The latest technological advance in e-document review is called “technology assisted review” (“TAR”), or “predictive coding.” TAR is an iterative process that involves alternating human and computer review of e-documents. The first step involves the review of a sample of an ESI collection (known as a “seed set”) by an individual with in-depth knowledge of the case. The results of that review are analyzed by the TAR technology, which then “reviews” a much larger sample from the same collection and provides suggested “coding”4 for those documents. The human reviewer then samples the e-documents that the computer has reviewed and corrects any problems with the suggested coding. The computer “learns” from the feedback provided by the human reviewer and completes the review and coding and ranks the documents according to its “understanding” of relevance. TAR has been shown to be up to 80 percent accurate – as compared to around 50 percent for manual review by multiple attorneys – and to save up to 86.77 percent of the estimated costs of a manual review. Jenya Moshkovich, Technology-Assisted Document Review, For the Defense, June 2013, at 67-68 (discussing Global Aerospace, Inc. v. Landow Aviation, L.P., et al., CL 61040 (Va. Cir. Ct. Apr. 23, 2012)). Despite understandable hesitancy (because of the fact that a machine, and not an attorney, is making relevancy judgments), recent decisions have indicated that the courts are warming up to the use of TAR by one or both parties. See, e.g. Da Silva Moore v. Publicis Groupe, 201 U.S. Dist. LEXIS 23350 (S.D.N.Y. Feb. 24, 2012) (permitting consenting parties to engage in computer assisted review); Global Aerospace, supra (TAR approved over objection); EORHB Inc., et al. v. HOA Holdings, LLC, C.A. No. 7409-VCL (Del Ch. Oct. 15, 2012) (court requires the use of TAR, unless good cause is shown).
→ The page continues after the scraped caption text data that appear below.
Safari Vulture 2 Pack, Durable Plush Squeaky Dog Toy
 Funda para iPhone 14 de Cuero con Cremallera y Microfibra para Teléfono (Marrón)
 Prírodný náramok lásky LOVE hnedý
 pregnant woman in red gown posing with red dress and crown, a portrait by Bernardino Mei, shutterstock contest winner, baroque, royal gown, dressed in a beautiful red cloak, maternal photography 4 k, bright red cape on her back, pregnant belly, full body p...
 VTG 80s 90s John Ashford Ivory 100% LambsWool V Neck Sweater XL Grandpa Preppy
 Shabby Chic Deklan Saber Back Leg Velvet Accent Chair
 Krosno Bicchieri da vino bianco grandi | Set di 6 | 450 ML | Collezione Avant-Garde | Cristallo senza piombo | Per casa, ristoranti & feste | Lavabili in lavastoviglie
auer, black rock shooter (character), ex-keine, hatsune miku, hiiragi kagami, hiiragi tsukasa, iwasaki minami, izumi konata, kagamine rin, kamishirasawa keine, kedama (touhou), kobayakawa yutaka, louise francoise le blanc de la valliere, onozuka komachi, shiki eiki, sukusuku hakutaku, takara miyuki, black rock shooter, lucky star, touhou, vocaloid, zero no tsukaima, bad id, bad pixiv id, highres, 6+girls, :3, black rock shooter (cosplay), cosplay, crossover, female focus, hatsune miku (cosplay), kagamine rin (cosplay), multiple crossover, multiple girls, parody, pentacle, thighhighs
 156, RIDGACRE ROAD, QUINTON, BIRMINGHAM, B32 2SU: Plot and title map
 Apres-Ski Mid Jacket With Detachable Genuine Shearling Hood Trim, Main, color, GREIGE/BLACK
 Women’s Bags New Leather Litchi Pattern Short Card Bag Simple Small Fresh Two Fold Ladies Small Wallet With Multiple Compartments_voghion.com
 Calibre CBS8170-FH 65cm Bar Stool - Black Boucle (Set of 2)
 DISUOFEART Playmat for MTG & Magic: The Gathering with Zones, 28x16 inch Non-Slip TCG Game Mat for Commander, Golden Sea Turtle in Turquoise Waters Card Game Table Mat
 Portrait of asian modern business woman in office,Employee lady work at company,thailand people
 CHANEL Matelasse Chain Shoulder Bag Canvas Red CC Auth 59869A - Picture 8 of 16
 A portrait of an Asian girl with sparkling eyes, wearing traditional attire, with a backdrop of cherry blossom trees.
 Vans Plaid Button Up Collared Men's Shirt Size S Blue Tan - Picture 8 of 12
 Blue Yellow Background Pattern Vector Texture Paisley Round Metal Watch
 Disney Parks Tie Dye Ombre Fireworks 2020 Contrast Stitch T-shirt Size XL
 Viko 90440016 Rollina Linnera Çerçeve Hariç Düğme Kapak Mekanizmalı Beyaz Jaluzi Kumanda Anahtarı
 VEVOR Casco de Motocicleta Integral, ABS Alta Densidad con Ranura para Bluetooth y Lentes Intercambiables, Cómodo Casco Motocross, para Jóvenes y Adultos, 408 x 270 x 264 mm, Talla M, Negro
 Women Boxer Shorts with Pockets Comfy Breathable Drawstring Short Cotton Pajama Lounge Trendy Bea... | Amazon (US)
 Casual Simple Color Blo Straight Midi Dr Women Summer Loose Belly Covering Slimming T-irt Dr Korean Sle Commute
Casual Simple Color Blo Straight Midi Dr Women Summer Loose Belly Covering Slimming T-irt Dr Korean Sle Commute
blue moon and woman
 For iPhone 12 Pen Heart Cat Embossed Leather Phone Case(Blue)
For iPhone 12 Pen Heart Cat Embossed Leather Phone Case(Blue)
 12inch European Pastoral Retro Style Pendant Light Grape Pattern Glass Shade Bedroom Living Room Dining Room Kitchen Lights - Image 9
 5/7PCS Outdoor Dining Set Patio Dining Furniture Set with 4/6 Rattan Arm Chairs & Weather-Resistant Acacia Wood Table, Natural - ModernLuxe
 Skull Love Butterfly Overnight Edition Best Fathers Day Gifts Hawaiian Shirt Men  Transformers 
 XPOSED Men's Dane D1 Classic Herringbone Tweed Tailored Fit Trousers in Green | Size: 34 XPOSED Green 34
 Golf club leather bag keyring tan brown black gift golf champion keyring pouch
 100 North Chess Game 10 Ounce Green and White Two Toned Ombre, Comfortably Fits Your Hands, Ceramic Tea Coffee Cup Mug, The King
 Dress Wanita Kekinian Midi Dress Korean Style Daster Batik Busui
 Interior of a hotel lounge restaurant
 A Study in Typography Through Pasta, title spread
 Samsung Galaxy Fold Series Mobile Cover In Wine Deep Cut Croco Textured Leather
There are other technological tools that increase the efficiency of reviewing and processing ESI, including “de-duping” and “e-mail threading”. In de-duping, successive copies of the same e-mail or document are removed so that the document does not have to be reviewed multiple times. De-duping can be performed within a single custodian’s collection, but is most effective when it is performed across multiple custodians. In “e-mail threading” (also known as “clustering” or “near grouping”), e-mail threads or documents that are otherwise related are grouped together so that the reviewer can review them all at the same time, thereby increasing the chances that they will be coded consistently. Finally, counsel should be aware of the fact that much of this technology is available for rent through the “cloud”, thereby allowing firms to save on the up-front cost of the software, as well as the costs and time associated with maintaining and updating the software. Joe Dysart, Eye in the Sky, ABA Journal, April 2014, at 32.
As Magistrate Judge John M. Facciola of the D.C. District Court added at the LegalTech conference, “Lawyers better get crackin’. There’s an awful lot to know.” Joe Dysart, Learn or Lose, ABA Journal, April 2014, at 32.
1 "Custodian" is the term used to describe the individual who had physical possession of the e-document(s) in question prior to collection.
2 Examples include the words "bank" and "spring." This is known as "polysemy."
3 Examples include the words "attorney," "lawyer" and "counselor." This is known as "synonymy."
4"Coding" is the term used to describe the process by which a particular document is marked as containing information relating a specific issue.